Recent developments in AI planning research have been leading the community closer to the application of planning technology to realistic problems. This has necessitated the development of a representation language capable of modelling domains with temporal and metric features. The approach we have taken towards the development of such a language is to extend McDermott's PDDL domain representation standard to support temporal and metric models.
The development of the PDDL sequence towards greater expressive power is important to the planning community because PDDL has provided a common foundation for a great deal of recent research effort. The problems involved in modelling the behaviour of domains with both discrete and continuous behaviours have been well explored in the temporal logic and model checking communities but there have been no widely adopted models within the planning community. Our work on PDDL2.1 provides a way of making the relevant developments in these communities accessible to planning. Furthermore, PDDL2.1 begins to bridge the gap between basic research and applications-oriented planning by providing the expressive power necessary to capture real problems.
PDDL2.1 has the expressive power to represent a class of deterministic mixed discrete-continuous domains as planning domains. The language introduces a form of durative action based on three connected parts: the initiation of an interval in which numeric change might occur and its explicit termination by means of an action that produces the state corresponding to the end of the durative interval. This form of action allows the modelling of both discrete and continuous behaviours -- discretized change can be represented by means of step functions, whilst continuous change can be modelled using the variable. The language provides solutions to the critical issues of concurrency, continuous change and temporal extent. The semantics of the language is derived from the familiar state transition semantics of STRIPS, extended to interpret invariants holding over intervals in which continuous functions might also be active. Our semantics allows us to interpret more plans than we can efficiently validate. We describe the criteria that a plan must satisfy in order to be practically verifiable.

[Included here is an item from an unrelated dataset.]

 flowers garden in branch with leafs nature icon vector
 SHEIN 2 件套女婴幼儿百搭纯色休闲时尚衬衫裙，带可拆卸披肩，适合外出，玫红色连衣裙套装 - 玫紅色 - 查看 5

This paper has focussed primarily on a discussion of the numeric and discretised temporal features of PDDL2.1. However, the modelling capability of discretized durative actions is in some respects limited and it is important for the planning community to address the challenges presented by continuous change. Indeed, even using the continuous actions of PDDL2.1 it is not possible to model episodes of change being terminated by spontaneous events in the world rather than by the deliberate choice of the planner. The future goals of the community should include addressing domains that require the continuous actions of PDDL2.1, then confronting the challenges of planning within more dynamic environments in which intervals of change can be terminated by the world as well as by the deliberate action of the planner. This will constitute an important step towards planning within dynamic and unpredictable environments.